D’ailleurs, au moment où il ne voulait pas franchir les lignes rouges, il a été la risée des filles de joie. Dans cette perspective, on ne peut pas dire du père qu’il est différent. Au contraire, il est en harmonie avec son éducation», explicite l’écrivain. Quant à Aziz, il est, comme le rappelle le romancier, différent. A son départ pour la ville ocre, il affiche notamment son homosexualité et se lance même en travestissement. «Il est ce qu’on ne voulait pas qu’il soit. Il est le paria, la personne méprisée, le «ielle», la honte… Sa place n’est plus auprès des siens. C’est pourquoi il se trouve dans l’obligation de s’éloigner de la famille.

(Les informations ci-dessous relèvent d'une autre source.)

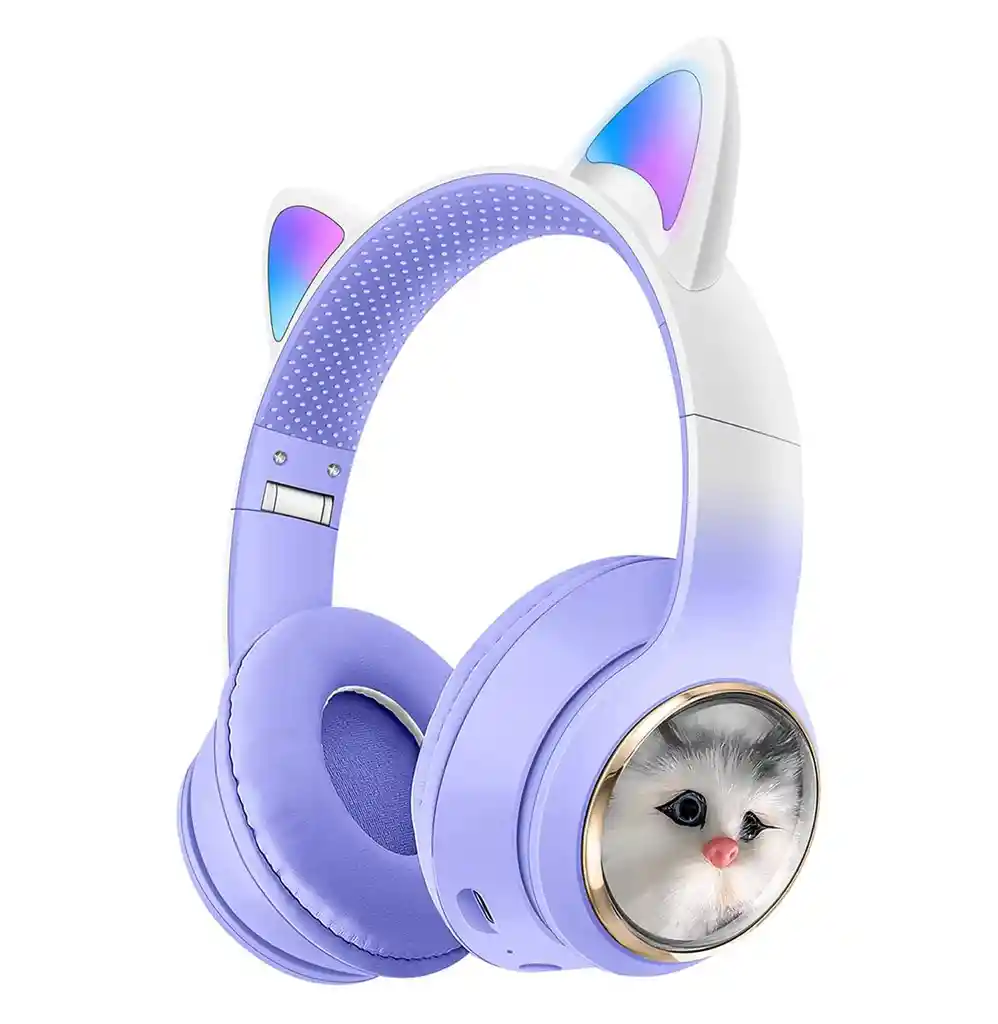 Audífonos Para Niños Diadema Bluetooth Gato 09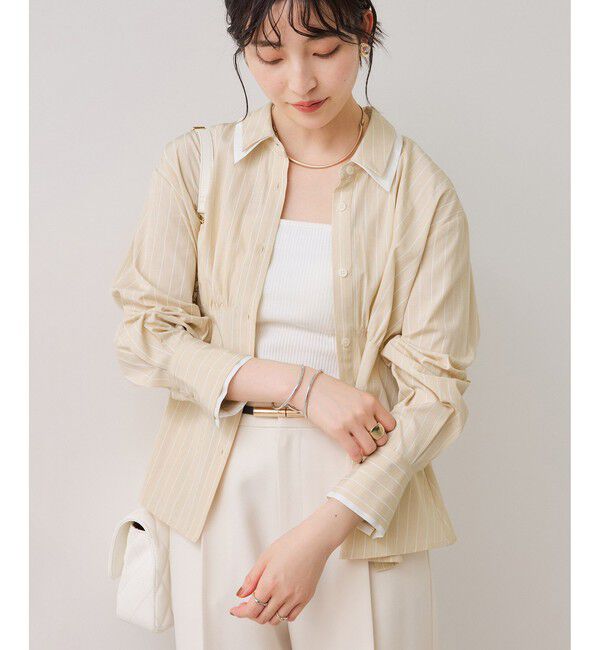 VIS「無地＆ストライプダブルカラーウエスト切り替えシャツ」|シャツ・ブラウス|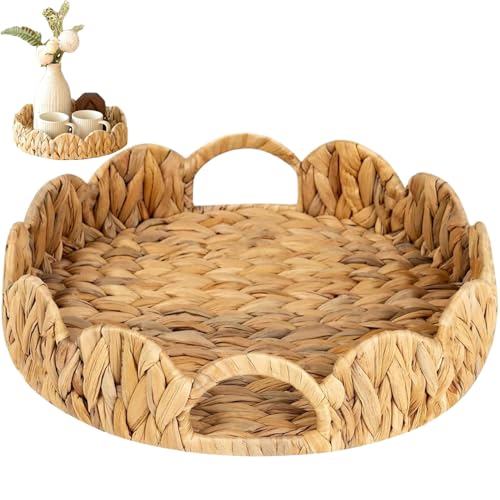 Mit Gekibeledkorb, Wasserhyazinth gewebter Korbschale, 12 Zoll runde Rattan Tablett mit Griff, Rattan Servierschale für Esstisch, Eitelkeit, Schlafzimmer, Küchenbackkorb mit überbrochenem Gerät mit von Wedhapy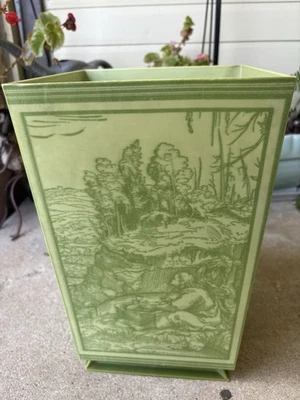 Vintage Small Green Plastic Asian Waste Basket/Trash Can - Image 1 of 4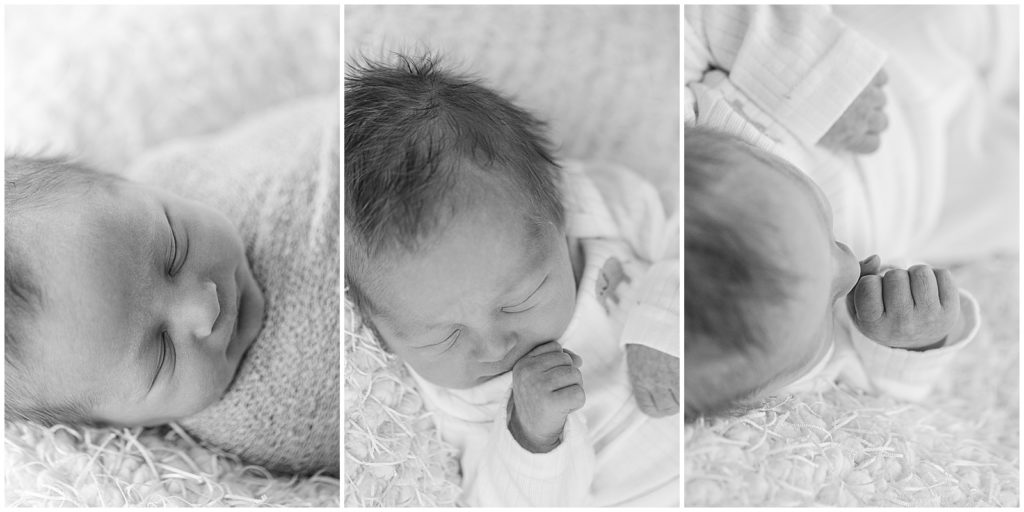 black and white newborn detail shots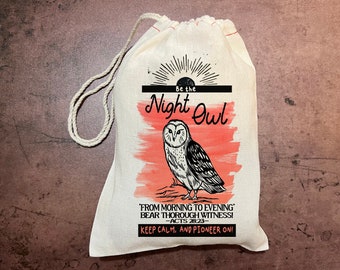 JW Gift Bags - Pioneer Ministry - Night Owl Design -  Pioneer Gifts - Pioneer gift Bags - Pioneer School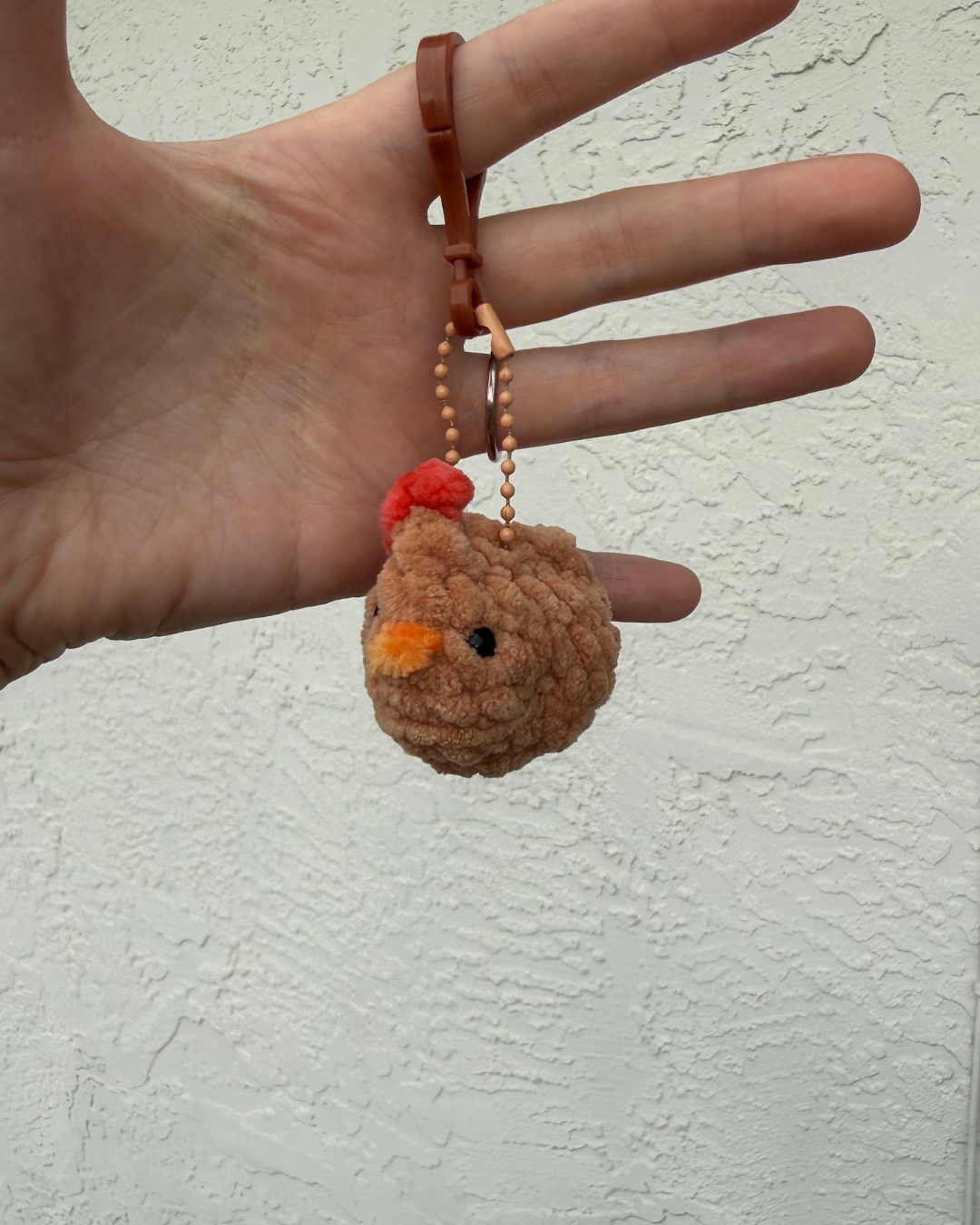 Handmade Brown Chicken Keychain Plush | Mini Crochet Farm Friend Charm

La fréquentation du monde de la nuit est pour lui une obligation et non pas un choix. De ce fait, le père et le fils sont différents même s’ils se rendent aux mêmes lieux. Le premier le fait par plaisir et le second par obligation », analyse l’auteur qui aborde une orientation sexuelle sans détours.

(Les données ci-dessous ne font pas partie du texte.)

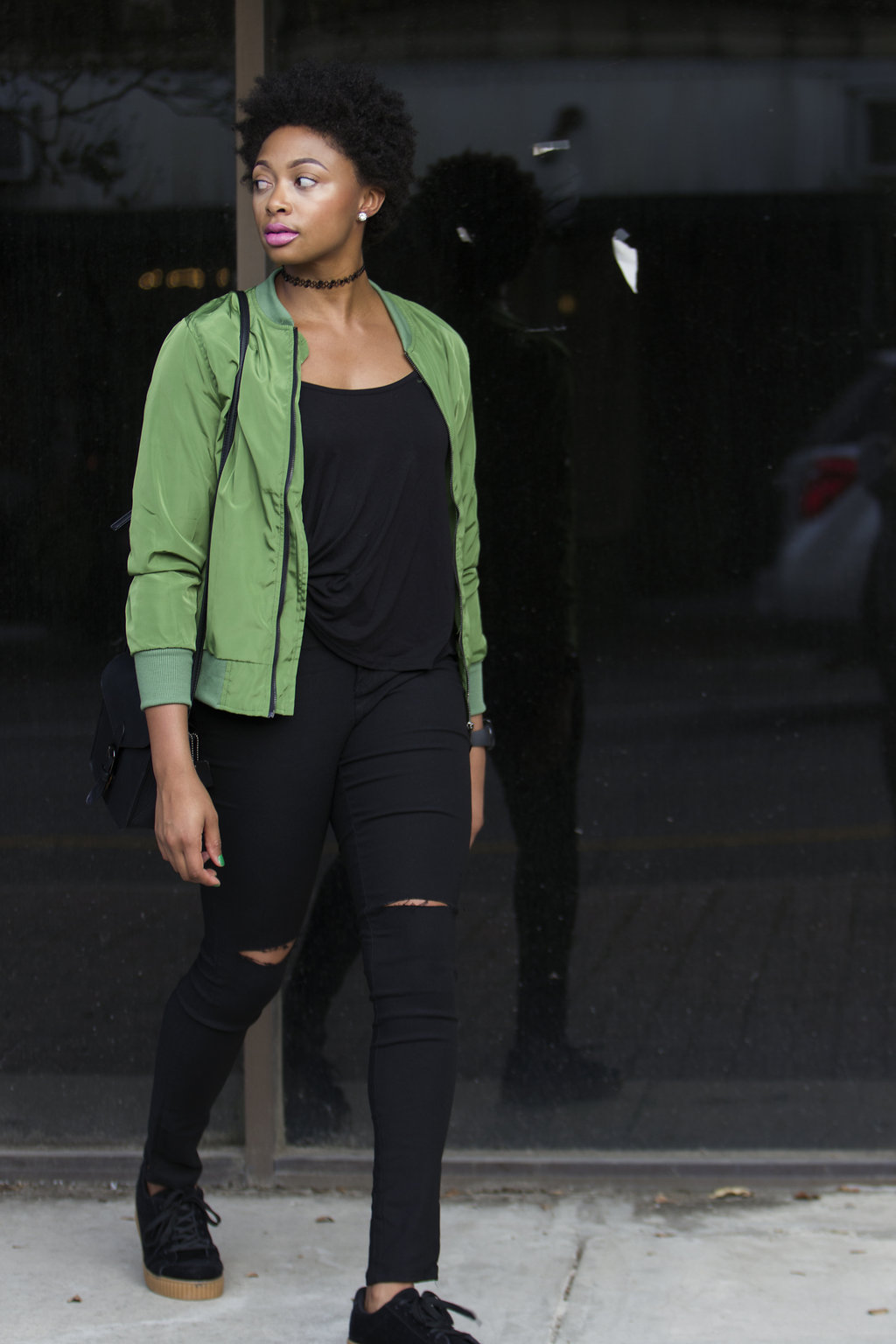 how to wear a green bomber, louisiana fashion blogger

De l’homosexualité sans tabou
Bien qu’il en traite ouvertement dans son oeuvre, le romancier estime que ce penchant est «un sujet tabou dans notre société marocaine». «On n’en parle pas ou que rarement. Elle est pénalisée et considérée comme un crime. Pourtant, des gens souffrent silencieusement, souffrent beaucoup sans trouver personne pour écouter leurs cris, pour voir leurs blessures, pour sentir leurs déchirements, leurs tiraillements, leurs supplices », détaille-t-il en prenant l’écrivain pour une personne qui se balade une loupe à la main. Il a un sens aigu de l’observation et une empathie capable de lui permettre de se mettre à la place des défavorisés. «Ne pas réagir aux tourments des autres est pour moi un renoncement, un éloignement du rôle de l’écrivain, une démission. J’ai assisté à des scènes atroces où des homosexuels étaient humiliés, torturés, rien que parce qu’ils sont différents.

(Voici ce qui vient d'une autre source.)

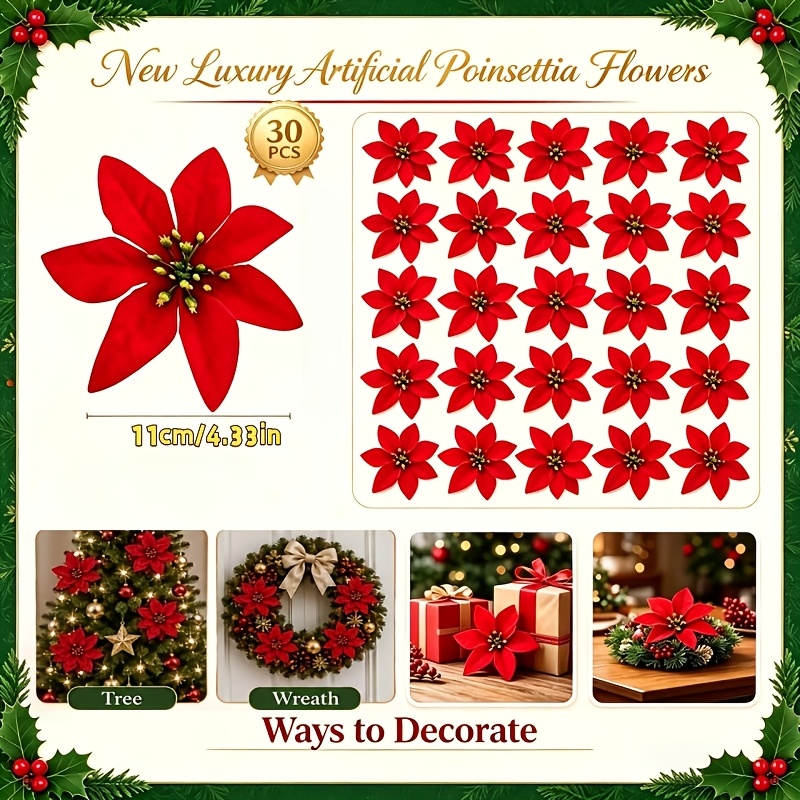 TEMU 30pcs - New Luxury Christmas First Item Red Flower Head, Suitable For Outdoor Courtyards, Christmas, Christmas Trees, Christmas Wreaths, Gift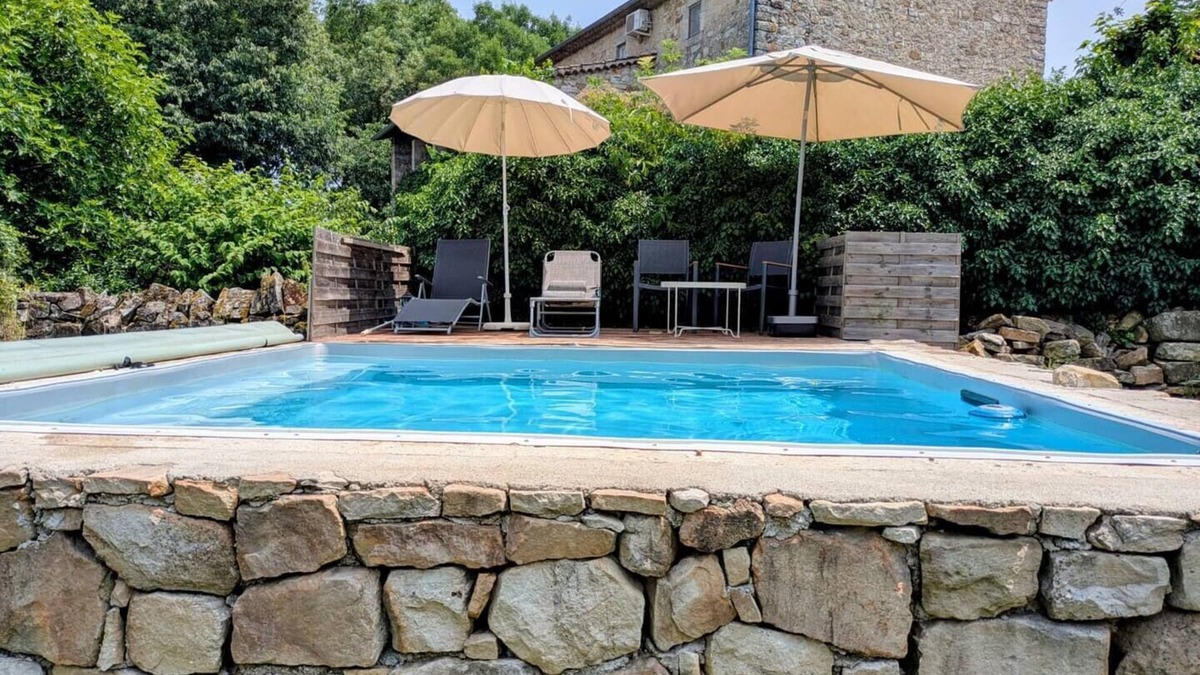 Lablachere Apartment | Charming 1 bedroom apartment in stone house with swimming pool, air conditioning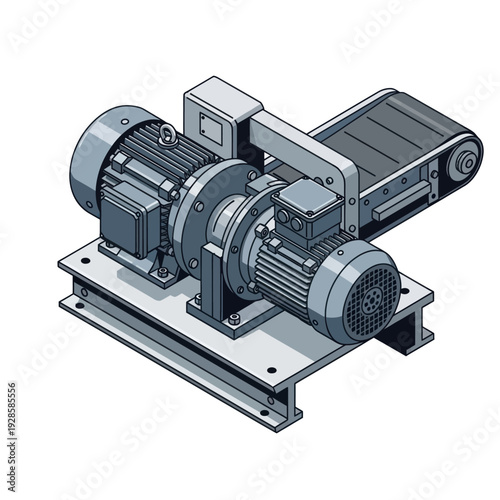 Isometric illustration of a conveyor belt system with two electric motors and a gearbox, mounted on a steel base.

La liberté individuelle est un sujet qui dérange encore au Maroc. Il faut qu’on éduque nos enfants sur les différences, il faut qu’on leur apprenne à l’école et à la maison que le monde est fait par des gens différents. Le respect de la différence est un premier pas vers le vivre-ensemble», confie l’auteur qui indique que l’écriture donne un sens à sa vie. «Je ne peux plus vivre sans lire et écrire. Ce sont les deux choses qui me permettent de m’éloigner de la banalité de ce monde, de le critiquer, de le corriger ou d’en créer un autre à la mesure de mes rêves», révèle-t-il en estimant que l’écrivain ne peut pas vivre sans projet.